Conflicting Accounts of Agency’s Role in Tent City Evictions
In the space of ten days in November 2011, about 12 Occupy camps, including Portland, New York City and Oakland, were cleared by local police forces. Soon after, it was revealed that mayors from 18 cities had been discussing Occupy protests on a conference call together, heightening suspicion that the evictions had been coordinated.
An Examiner article brought the DHS into the mix, reporting that, “local police agencies had received tactical and planning advice from national agencies,” and setting off a series of media requests to DHS which show the internal confusion about the agency’s role in dismantling these protests.
Bigad Shaban, a CBS news correspondent in California, sent a media request to DHS on November 16, 2011, saying: “We’d like to request comment from the department of homeland security concerning whether it, or any other federal agencies, offered any kind of assistance or advice to municipalities looking to dismantle their own ‘Occupy Wall Street’ protests?”

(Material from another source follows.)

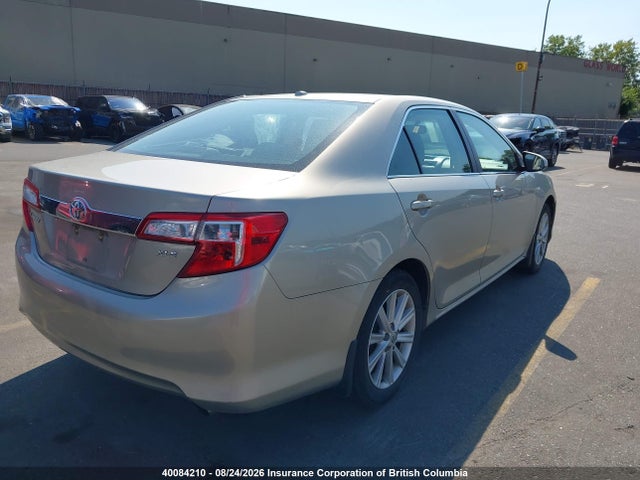40084210 :رقم المزاد ، 4T1BF1FK7DU683301 vin ، 2013 Toyota Camry مزاد بيع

From there, the issue snowballed. The internal emails showing discussions of the media request range from statements that deny any involvement to those that are unsure and others that suggest that DHS was involved in the crackdowns.

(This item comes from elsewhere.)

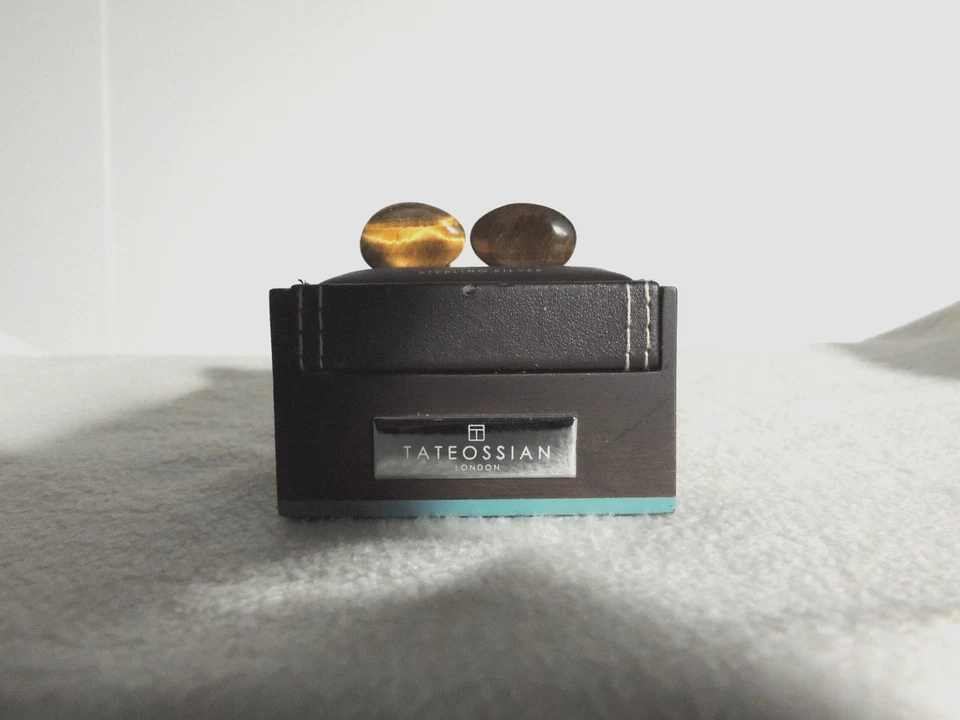 Gemelos RT London Tateossian de plata de ley .925 con ojo de tigre guijarro marrón para hombre Foto 4 de 4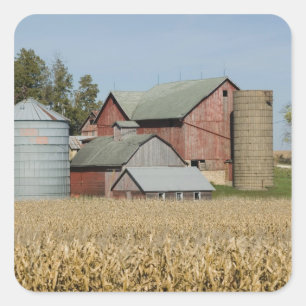 USA, IOWA, Froelich: Alte Farm Quadratischer Aufkleber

An internal memo sent shortly after the CBS request, on November 16, 20ll, at 2:32 PM, implies that DHS was involved: “AP and CBS are asking about our relationship with cities dealing with “‘occupy protesters’ … how would we describe our activities?”

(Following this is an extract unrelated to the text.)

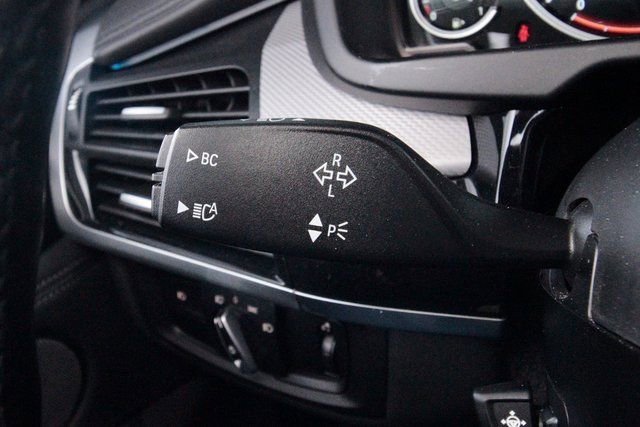 Used 2019 BMW X6 xDrive50i w/ M Sport Package image 23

The next email, sent ten minutes later:
“And now Salon. This is getting legs. Any info would be greatly appreciated ASAP.”
A developing press release being circulated internally on the issue, sent at 3:04 PM, says that DHS is only involved if the protest takes place on federal property, though it notes an exception:
Since these protests are lawfully protected first amendment activities, we are treating all “occupy” demonstrations as peaceful. We are working with GSA [General Services Administration] and each city government to ensure that all parties concerned are safe and secure. When a protest area on federal property is deemed unsanitary or unsafe by GSA or a city, we work with those officials to develop a plan to evacuate the participants in a safe manner.We have held standard coordination calls and face-to-face meetings with our partners to ensure that the proper resources are available for operations such as street closures etc. the only eviction FPS has been involved with was assisting the Portland police bureau at the federally-owned Terry Schrunk Plaza where FPS [Federal Protective Service, a branch of DHS that protects federally owned buildings] arrested two people.
On background, which means that the information can not be directly attributed to DHS, the agency offered this information: “DHS is not actively coordinating with local law enforcement agencies and/or city governments concerning the evictions of Occupy encampments writ large.”
In another thread, a person named Brent Colburn, whose title and role were not identified, says that “we really need to stress … how rare the federal involvement is.”
However, the extent of DHS’s coordination with localities is further muddled in an internal email sent earlier by a Robert M. Davis – also without information identifying his role related to the agency, on November 16 at 3:41 PM – in which another possible exception to the assertion that DHS isn’t “actively coordination with local law enforcement” is put forward.
“FPS only has jurisdiction on federal property but will assist local authorities upon request with things like road closures, etc. DC, for instance, may require our assistance tomorrow with Key Bridge activities, etc.”
The Key Bridge protest took place on November 17 on a major bridge in the capitol.
In another separate thread, written before the Key Bridge protest, Colburn asks: “Triple checking on this – there hasn’t been any connection except for Portland?”
In the documents received by Truthout, his question goes unanswered.